— Provided data —
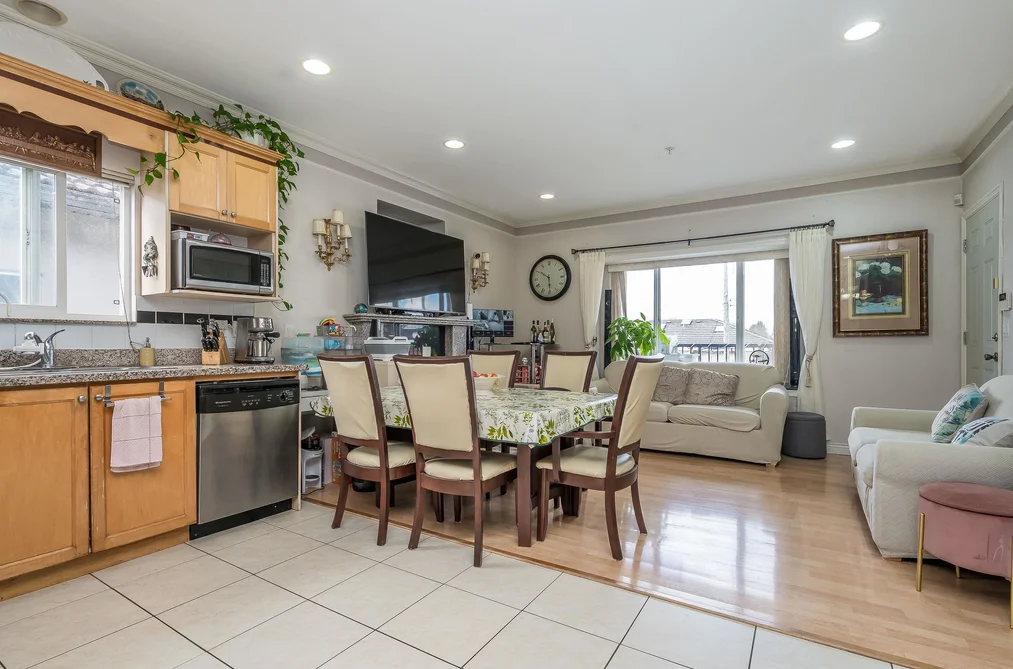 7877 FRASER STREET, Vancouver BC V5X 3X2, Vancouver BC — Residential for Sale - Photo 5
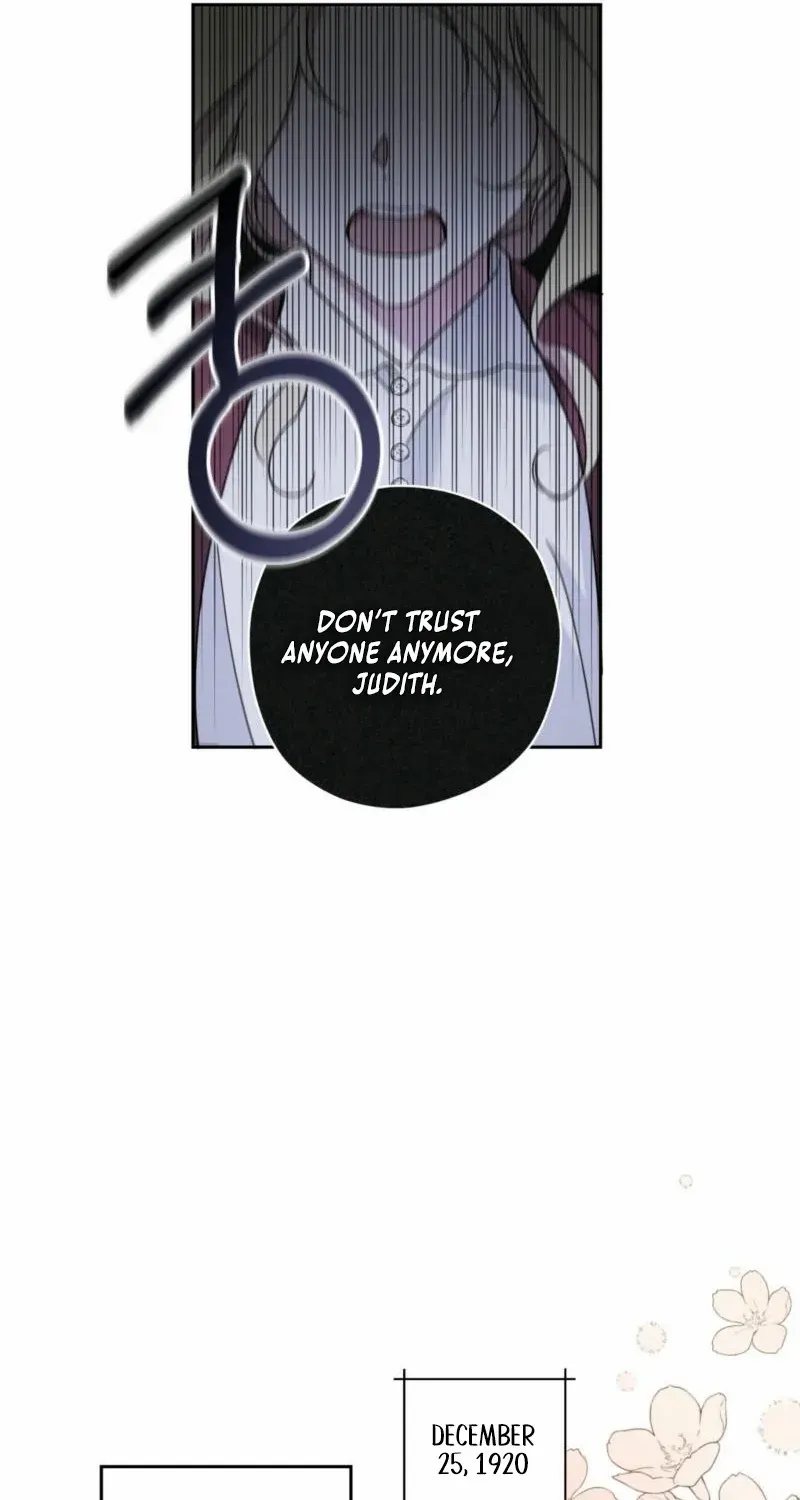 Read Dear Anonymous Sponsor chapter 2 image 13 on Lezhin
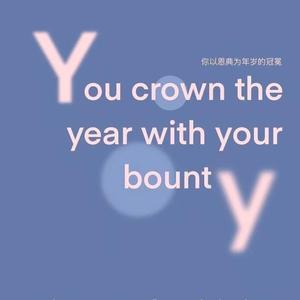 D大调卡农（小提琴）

==

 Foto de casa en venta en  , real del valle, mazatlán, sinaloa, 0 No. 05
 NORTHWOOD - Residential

— Work order —
Within the material above, copy exactly the lines from the line that holds "Foto de casa" up to and including the line that holds "NORTHWOOD - Residential".

— Written solution —
 Foto de casa en venta en  , real del valle, mazatlán, sinaloa, 0 No. 05
 NORTHWOOD - Residential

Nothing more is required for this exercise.